Downhillracer• in reply toCinnamon403 months ago

It was based in the USA with recruitment centers across the world. , including UK

Juliehabib• in reply toCinnamon403 months ago

Go on YouTube video titled

Alterity Therapeutics Shareholder Webinar - ATH434-201 Phase 2 clinical study results

Out come seems very positive!

Downhillracer• in reply toWTS32 months ago

Right now nothing is certain. Alterity just raised $40Musd so it looks like they are preparing for a P3 trial, but so far there have been no talks announced with the FDA.

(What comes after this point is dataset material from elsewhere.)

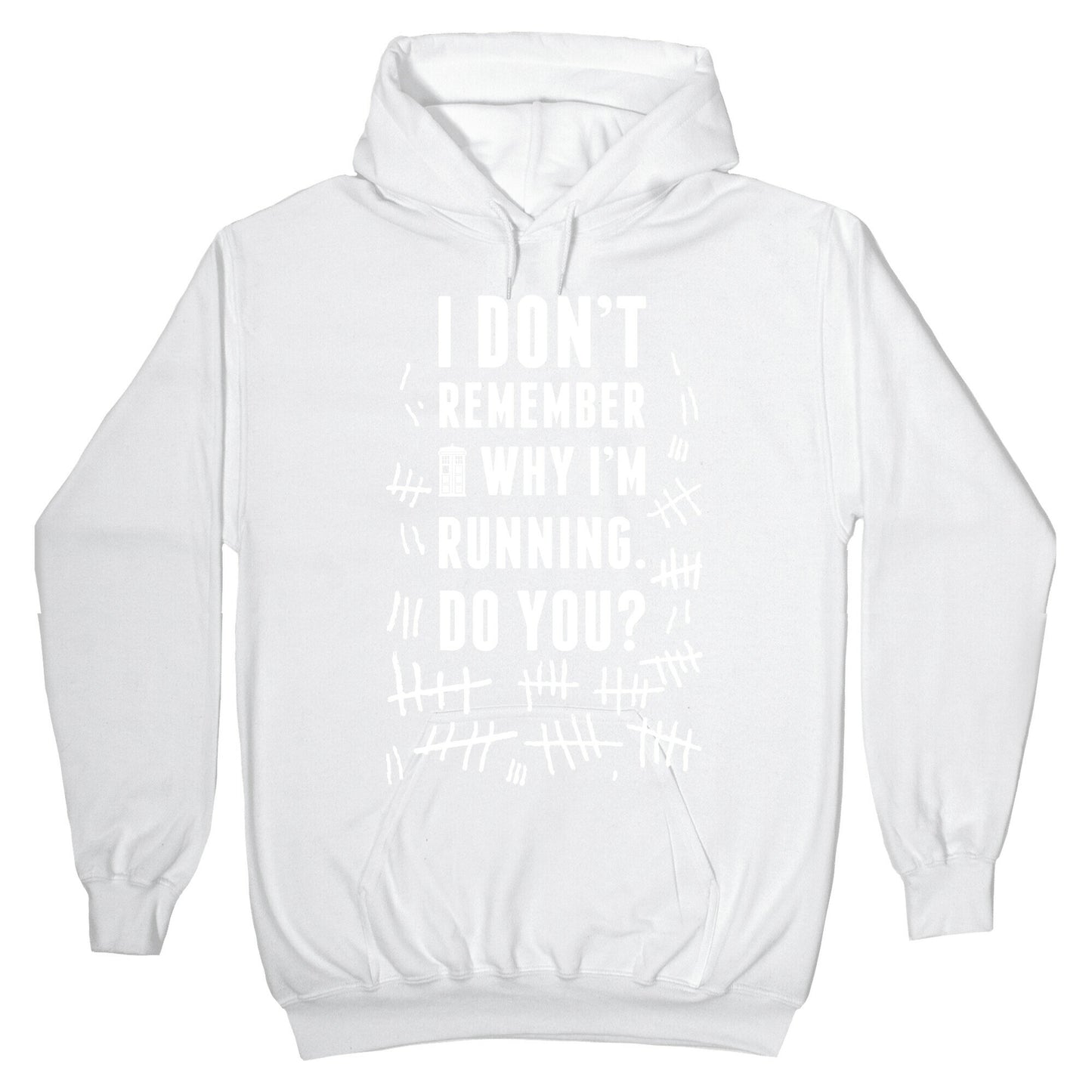 I Don't Remember Why I'm Running Do You? Hoodie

The NfL protein results from the spinal fluid are not in yet. That protein is a very reliable indicator of neuron damage. Spinal fluid is the same fluid as in the brain.

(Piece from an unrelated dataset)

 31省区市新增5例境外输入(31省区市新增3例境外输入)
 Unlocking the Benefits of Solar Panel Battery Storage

They are also talking about a partnership with big pharma to bring this to patients. I hope they get accelerated approval, but right now nobody knows.

Downhillracer• in reply toGHG_2 months ago

That would be Alterity GHG. So far they have not announced the phase3. The trial center is based in Vanderbuilt University in Tennessee.

There is a trial for MSA currently recruiting for Lundbeck but recruitment centres only in the USA. Started in Dec 2024. Recruiting 360 patients. That is going after the same target as Alterity, which is clumps of alpha-synuclein that clog up the neurons. Totally different method to Ath434. Lundbecks drug failed to impress in their phase2, but that trial was mainly advanced patients. They did a post hoc study of the earlier stage patients in the P2 trial and claim a 42% improvement. No idea how they calculated that, but the phase 3 is recruiting only patients below 5 years.

A-syn is an essential protein in the neuron, but when the proteins clump is when problems occur. Alterity claim labile(free) Iron caused the clumping. Uncontrolled iron removal by current approved chelators take too much iron and cause serious problems. Ath 434 is a very mild chelator and can only remove free iron. It is a small molecule that can penetrate the membrane of the neuron. A simple pill.

The Lundbeck drug is a large molecule man made protein designed to stick to A-syn clumps and remove them, called a monoclonal antibody. Delivered into the blood by a monthly infusion. It operates outside the neuron. If that 42% reduction turns out to be true, then this trial has a reasonable chance. Lundbeck specialize on neuro drugs. Goes to say they are not fools. I would think if it is also good, with one drug working inside neurons(Ath434) and the Lundbeck MAB(monoclonal antibody) working around the neurons, that may be the 1--2 hit needed to stop this thing. Fingers crossed. In the meantime I hope the FDA give 434 accelerated approval to get it to patients now.